Previously, the draft CRS legislation released by the Department of Finance in April 2016 included requirements for the collection of information identifying reportable persons, including name, address, residency, taxpayer identification number (“TIN”) and date of birth. The 2016 Legislative Proposals now supplement the earlier draft legislation by introducing a $500 penalty for the failure by a reportable person to provide their TIN when required.
There are some exceptions to the new penalty. It does not apply when the reportable person makes an application for a TIN within 90 days of the TIN being requested, as long as the TIN is provided to the requestor within 15 days of receipt. As well, the new penalty does not apply if the reportable person is not eligible to obtain a TIN in the relevant jurisdiction.
The proposed CRS penalty appears to be a strict liability penalty, since intent is not part of the test in determining whether the penalty applies. Defenses to the penalty would therefore generally be limited to factual mistake (i.e. the assessed taxpayer was not in fact non-compliant) or due diligence.
The 2016 Legislative Proposals state that a CRS penalty may be assessed “at any time”. As a result, it would appear that the normal reassessment period set out in ss. 152(3.1) would not be applicable to the new penalty. The exclusion of certain administration and enforcement provisions from proposed ss. 281(4) means that reportable persons may not claim a refund of a disputed penalty upon filing a notice of objection. Further, amendments to s. 225.1 are proposed to add CRS penalties to the list of debts which are not subject to restrictions on collection.
Absent from the proposed CRS penalty regime is an express penalty for non-compliance by financial institutions and other persons required to obtain TINs and file information returns under the CRS rules. Presumably, the existing ITA penalty regime, including ss. 162(7), would be sufficient to address failures to file CRS information returns or to otherwise comply with duties or obligations imposed under the ITA. Although at $2,500 the maximum penalty under ss. 162(7) is low compared to other ITA penalties, ss. 162(7) penalties may become significant if applied cumulatively to multiple failures.
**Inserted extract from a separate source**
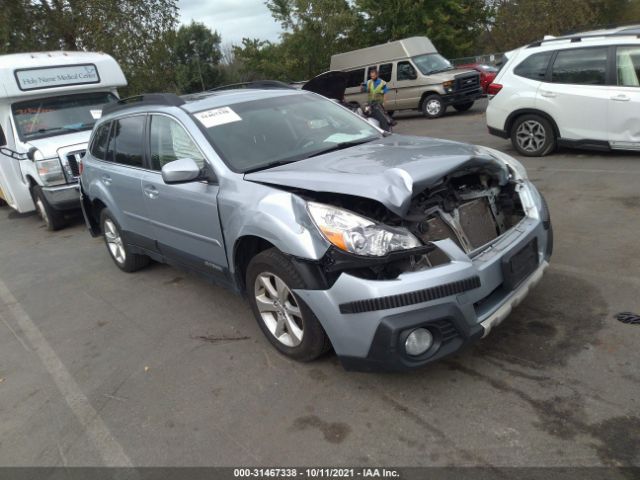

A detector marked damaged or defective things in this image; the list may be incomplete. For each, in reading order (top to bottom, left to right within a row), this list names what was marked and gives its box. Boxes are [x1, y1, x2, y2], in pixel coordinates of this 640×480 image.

Certain due diligence requirements are now set out in the ITA for financial institutions to identify reportable accounts under the FATCA rules (by which Canada implemented the intergovernmental agreement with the United States). The 2016 Legislative Proposals will amend the FATCA due diligence requirements to be consistent with the due diligence procedures proposed for the common reporting standard. Generally, however, the new CRS rules will not change the reporting requirements to the US under the FATCA regime.